No. 9 What kind of fillings are best?
The problem: New types of fillings are used by dentists with little research into which last longest or havethe greatest benefits. The better- researched amalgam,or mercury, fillings have been in use for more than 100 years, but recently concerns have been raised about their safety with some alleging that vapours from the mercury cause mental impairment.

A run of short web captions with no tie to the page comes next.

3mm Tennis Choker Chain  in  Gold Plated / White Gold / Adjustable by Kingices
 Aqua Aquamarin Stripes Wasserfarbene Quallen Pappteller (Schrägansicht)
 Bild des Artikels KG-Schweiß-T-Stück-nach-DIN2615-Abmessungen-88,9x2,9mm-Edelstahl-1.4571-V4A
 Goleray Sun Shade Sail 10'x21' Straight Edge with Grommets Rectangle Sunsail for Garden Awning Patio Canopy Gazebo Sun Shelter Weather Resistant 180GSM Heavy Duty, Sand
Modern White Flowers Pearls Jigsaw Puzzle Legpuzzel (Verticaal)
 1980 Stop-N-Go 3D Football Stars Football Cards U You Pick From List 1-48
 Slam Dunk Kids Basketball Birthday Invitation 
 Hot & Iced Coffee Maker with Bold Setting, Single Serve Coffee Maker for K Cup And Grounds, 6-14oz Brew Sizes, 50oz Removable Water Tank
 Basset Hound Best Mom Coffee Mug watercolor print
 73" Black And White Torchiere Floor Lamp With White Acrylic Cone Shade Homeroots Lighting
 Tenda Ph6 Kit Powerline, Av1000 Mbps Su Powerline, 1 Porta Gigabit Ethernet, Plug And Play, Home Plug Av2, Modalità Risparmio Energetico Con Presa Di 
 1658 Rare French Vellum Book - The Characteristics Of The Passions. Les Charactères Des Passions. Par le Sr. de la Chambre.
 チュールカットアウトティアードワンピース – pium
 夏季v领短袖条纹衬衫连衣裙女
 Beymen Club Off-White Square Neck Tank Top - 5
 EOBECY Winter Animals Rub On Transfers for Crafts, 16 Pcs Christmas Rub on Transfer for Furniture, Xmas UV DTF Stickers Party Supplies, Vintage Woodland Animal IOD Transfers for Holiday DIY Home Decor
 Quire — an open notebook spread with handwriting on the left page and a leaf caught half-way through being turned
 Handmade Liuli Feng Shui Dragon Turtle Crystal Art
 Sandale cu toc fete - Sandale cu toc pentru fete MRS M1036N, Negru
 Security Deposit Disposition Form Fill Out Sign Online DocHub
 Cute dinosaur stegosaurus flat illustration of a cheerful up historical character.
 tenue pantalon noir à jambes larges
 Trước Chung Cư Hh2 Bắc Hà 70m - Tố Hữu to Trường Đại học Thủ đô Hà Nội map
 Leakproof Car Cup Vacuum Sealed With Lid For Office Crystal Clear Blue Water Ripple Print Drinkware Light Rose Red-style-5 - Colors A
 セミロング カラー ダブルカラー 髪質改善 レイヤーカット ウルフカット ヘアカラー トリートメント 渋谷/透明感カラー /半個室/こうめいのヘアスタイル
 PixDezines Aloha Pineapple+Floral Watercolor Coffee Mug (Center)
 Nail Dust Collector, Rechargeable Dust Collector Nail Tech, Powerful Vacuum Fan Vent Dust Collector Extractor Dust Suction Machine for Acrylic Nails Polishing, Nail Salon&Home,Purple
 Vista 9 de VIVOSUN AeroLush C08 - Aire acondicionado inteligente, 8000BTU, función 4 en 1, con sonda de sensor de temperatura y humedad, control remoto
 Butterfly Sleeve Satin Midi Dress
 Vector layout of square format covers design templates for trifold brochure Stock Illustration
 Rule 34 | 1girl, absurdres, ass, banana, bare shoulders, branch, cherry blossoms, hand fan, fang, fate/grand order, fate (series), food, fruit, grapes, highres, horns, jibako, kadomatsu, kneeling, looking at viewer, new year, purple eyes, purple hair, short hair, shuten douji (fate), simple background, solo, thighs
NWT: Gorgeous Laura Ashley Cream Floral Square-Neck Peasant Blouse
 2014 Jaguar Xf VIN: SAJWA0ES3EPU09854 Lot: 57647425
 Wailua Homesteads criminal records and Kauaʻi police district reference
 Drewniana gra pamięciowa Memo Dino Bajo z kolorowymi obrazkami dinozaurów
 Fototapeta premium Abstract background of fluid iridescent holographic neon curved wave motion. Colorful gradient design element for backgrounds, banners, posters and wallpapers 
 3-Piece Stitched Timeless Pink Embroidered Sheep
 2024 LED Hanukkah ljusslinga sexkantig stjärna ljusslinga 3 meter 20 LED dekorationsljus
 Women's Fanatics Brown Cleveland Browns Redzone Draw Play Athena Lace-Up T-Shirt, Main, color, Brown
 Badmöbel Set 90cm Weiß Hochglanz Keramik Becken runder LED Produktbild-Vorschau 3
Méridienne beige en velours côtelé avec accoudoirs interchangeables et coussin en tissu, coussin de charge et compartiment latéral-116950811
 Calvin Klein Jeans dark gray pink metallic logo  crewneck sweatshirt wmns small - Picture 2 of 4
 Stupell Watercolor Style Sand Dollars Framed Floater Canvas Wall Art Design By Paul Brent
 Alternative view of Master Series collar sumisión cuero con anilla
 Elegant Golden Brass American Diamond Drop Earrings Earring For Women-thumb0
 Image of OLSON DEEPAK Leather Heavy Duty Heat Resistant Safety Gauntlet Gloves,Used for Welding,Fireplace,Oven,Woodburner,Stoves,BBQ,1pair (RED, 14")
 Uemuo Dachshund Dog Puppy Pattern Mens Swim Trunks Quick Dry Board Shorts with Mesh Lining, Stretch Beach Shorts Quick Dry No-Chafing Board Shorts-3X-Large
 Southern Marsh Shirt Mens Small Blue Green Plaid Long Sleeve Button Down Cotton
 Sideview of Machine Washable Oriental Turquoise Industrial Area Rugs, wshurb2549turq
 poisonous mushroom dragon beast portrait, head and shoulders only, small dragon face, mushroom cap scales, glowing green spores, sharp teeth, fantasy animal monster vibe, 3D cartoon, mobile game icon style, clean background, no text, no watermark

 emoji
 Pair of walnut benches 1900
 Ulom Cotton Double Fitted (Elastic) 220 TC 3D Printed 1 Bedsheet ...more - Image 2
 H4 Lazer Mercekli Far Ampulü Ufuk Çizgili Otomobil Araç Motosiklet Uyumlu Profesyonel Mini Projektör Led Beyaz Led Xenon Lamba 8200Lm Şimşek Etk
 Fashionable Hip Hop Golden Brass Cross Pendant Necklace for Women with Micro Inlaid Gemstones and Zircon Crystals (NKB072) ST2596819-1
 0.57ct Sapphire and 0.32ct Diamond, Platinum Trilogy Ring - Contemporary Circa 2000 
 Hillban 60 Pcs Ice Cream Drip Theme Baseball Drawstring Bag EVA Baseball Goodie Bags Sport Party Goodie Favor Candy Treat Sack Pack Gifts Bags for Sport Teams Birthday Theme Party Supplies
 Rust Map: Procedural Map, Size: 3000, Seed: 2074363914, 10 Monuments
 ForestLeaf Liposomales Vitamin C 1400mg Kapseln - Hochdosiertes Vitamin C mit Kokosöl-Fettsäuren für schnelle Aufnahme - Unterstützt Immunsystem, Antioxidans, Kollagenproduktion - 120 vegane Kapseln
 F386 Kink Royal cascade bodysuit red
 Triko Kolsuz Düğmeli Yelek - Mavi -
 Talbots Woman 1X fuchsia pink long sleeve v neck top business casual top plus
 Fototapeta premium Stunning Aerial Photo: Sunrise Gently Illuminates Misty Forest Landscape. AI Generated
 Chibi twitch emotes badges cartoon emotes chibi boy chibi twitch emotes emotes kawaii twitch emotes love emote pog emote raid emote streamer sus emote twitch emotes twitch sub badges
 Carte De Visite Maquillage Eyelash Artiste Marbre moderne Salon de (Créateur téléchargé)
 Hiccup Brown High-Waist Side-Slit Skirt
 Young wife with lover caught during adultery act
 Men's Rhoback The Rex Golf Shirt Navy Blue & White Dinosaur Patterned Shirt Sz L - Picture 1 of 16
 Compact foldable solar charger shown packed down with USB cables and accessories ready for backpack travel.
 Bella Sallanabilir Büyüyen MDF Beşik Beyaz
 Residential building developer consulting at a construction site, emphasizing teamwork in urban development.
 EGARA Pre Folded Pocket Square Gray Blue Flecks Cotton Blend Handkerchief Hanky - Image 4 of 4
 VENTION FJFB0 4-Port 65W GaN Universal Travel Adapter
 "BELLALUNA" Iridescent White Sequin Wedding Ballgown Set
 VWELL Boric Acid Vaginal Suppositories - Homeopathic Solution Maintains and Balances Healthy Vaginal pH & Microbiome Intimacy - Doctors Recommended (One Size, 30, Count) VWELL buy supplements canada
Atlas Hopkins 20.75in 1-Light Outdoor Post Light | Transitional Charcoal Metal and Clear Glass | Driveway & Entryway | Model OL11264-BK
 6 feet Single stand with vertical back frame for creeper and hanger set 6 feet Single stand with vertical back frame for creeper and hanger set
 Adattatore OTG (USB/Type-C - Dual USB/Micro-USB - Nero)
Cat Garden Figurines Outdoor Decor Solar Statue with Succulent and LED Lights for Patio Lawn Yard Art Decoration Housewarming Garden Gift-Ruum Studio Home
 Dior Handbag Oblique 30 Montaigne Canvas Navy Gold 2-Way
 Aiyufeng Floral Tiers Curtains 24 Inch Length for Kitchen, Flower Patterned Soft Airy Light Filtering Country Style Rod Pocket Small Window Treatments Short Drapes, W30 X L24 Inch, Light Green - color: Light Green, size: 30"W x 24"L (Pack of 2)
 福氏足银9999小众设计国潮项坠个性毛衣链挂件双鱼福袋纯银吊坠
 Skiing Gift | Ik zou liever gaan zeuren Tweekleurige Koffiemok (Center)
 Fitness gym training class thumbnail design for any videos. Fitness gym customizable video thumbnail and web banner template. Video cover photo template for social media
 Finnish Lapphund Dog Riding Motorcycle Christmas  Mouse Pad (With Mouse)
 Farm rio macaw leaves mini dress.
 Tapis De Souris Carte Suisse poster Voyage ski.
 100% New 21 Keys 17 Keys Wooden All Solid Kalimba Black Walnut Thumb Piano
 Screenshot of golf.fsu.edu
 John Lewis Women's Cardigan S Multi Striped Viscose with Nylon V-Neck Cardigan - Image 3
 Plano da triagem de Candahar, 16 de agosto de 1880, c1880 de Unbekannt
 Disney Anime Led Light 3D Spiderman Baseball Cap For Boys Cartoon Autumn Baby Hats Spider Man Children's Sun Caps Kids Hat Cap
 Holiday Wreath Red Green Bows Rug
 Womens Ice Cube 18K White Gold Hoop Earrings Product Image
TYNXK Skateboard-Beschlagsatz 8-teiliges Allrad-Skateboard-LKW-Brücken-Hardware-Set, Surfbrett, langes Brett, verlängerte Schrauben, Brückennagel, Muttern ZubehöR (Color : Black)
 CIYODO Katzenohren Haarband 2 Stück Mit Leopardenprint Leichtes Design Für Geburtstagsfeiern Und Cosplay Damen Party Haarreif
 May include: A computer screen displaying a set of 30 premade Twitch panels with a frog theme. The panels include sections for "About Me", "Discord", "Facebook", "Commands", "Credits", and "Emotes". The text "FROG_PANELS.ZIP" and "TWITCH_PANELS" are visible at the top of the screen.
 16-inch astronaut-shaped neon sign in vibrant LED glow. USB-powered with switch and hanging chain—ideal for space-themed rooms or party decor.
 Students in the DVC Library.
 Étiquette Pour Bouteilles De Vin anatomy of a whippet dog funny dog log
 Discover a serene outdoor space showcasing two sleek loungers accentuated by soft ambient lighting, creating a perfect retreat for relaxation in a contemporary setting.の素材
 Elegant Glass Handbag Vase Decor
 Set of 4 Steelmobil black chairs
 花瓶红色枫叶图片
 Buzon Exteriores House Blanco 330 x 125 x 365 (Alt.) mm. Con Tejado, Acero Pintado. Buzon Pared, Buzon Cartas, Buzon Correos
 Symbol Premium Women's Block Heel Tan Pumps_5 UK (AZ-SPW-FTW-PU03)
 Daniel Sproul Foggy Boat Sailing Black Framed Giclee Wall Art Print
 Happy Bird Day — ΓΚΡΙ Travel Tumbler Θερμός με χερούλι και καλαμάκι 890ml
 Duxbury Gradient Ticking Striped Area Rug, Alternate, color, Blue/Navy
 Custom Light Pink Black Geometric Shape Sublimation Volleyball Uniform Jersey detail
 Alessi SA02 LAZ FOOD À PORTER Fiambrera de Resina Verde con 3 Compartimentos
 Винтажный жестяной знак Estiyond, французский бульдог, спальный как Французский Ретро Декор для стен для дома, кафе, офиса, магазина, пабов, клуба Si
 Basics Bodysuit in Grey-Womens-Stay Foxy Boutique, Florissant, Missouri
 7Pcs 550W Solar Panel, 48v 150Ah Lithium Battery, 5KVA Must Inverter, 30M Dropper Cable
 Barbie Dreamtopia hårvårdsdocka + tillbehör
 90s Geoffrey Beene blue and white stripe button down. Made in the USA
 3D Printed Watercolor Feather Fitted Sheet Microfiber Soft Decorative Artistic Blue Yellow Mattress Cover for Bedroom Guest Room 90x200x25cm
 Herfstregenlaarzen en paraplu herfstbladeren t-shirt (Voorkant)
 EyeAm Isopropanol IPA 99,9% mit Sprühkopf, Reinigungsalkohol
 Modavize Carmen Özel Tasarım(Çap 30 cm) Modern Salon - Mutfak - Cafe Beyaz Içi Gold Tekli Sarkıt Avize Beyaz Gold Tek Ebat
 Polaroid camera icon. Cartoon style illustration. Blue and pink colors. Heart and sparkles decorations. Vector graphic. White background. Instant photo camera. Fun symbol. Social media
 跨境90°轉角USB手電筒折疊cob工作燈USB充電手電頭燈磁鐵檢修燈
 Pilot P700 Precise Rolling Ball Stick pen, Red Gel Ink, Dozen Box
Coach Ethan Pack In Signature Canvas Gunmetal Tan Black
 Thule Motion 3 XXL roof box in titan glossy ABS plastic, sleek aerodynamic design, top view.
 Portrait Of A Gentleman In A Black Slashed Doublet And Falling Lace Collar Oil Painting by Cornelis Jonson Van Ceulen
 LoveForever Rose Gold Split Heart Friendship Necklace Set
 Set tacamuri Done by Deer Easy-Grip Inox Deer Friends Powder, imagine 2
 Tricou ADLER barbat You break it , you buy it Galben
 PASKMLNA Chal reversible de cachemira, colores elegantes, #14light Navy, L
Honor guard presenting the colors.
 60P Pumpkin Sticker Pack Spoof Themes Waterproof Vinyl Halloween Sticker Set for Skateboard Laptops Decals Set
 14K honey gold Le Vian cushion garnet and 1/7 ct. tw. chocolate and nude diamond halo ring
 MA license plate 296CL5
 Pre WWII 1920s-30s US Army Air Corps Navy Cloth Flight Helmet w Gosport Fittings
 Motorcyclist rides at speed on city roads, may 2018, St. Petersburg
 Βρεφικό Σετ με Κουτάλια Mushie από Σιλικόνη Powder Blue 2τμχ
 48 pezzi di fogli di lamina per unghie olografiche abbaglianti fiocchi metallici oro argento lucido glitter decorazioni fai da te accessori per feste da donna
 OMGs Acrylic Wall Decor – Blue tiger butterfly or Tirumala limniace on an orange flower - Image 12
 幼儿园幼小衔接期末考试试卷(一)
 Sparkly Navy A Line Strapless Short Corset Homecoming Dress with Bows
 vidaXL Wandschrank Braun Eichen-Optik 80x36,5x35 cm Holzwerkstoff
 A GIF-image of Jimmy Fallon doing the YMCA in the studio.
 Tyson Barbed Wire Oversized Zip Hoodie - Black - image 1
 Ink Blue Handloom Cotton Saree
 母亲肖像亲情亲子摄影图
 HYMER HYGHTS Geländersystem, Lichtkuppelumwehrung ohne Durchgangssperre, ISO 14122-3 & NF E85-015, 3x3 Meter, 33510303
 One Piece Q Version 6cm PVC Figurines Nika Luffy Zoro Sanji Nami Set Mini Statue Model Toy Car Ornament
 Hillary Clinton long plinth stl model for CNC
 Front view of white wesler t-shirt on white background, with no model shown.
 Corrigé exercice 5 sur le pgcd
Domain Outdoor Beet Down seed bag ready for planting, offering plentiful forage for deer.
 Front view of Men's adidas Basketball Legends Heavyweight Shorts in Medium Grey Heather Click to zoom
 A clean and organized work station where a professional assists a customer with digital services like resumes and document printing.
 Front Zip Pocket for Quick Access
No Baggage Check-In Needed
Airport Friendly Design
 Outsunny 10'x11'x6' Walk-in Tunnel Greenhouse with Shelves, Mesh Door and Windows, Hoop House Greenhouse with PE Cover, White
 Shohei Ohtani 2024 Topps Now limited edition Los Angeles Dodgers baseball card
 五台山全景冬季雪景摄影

Is a filling for life? No. About 60 per cent of fillings are replacements and the same tooth may have to be refilled several times. There are many reasons for this. The simplest is that fillings wear out and decay recurs. But there is also huge variation in dentists' practice. High street dentists replace fillings far more often than those in dental schools. Changing dentists can double your chances of having a filling replaced - because a dentist is often more cautious treating a new patient. The dentist's skill can be a factor, but it is also thought that the way dentists are paid - per treatment - encourages unnecessary fillings. In addition, different types of fillings last significantly longer than other.
So which fillings are best? Amalgam, the silver-coloured filling containing mercury, lasts twice as long as other types when applied properly. Less than 10 per cent need replacing in 10 years. Composite fillings, which are white, frequently need replacing within five years. Other fillings, such as cermet cement and gallium, have high replacement rates. Porcelain and gold fillings last longer than composites.
Are there any drawbacks? Many people find amalgam fillings unsightly and they have been linked to health scares. But large-scale studies have found no evidence of health risks from mercury, apart from allergic reactions in very few people. A recent study comparing people complaining of amalgam-linked ill health with people who also had mercury fillings but no symptoms, found no difference between the amounts of mercury in their blood or urine, but discovered that more of those who complained of amalgam-related symptoms had histories of psychological problems. Out of caution, dentists prefer not to use amalgam in pregnant women.
What about the cost? Amalgam fillings will cost you least on the NHS and are by far the best value for money: they are three times cheaper than composites over 10 years. White fillings are only available on the NHS in front teeth where they show. You will have to pay privately for anything else, and fees vary between dentists.
So what's best? Your choice is between vanity or fewer trips to the dentist.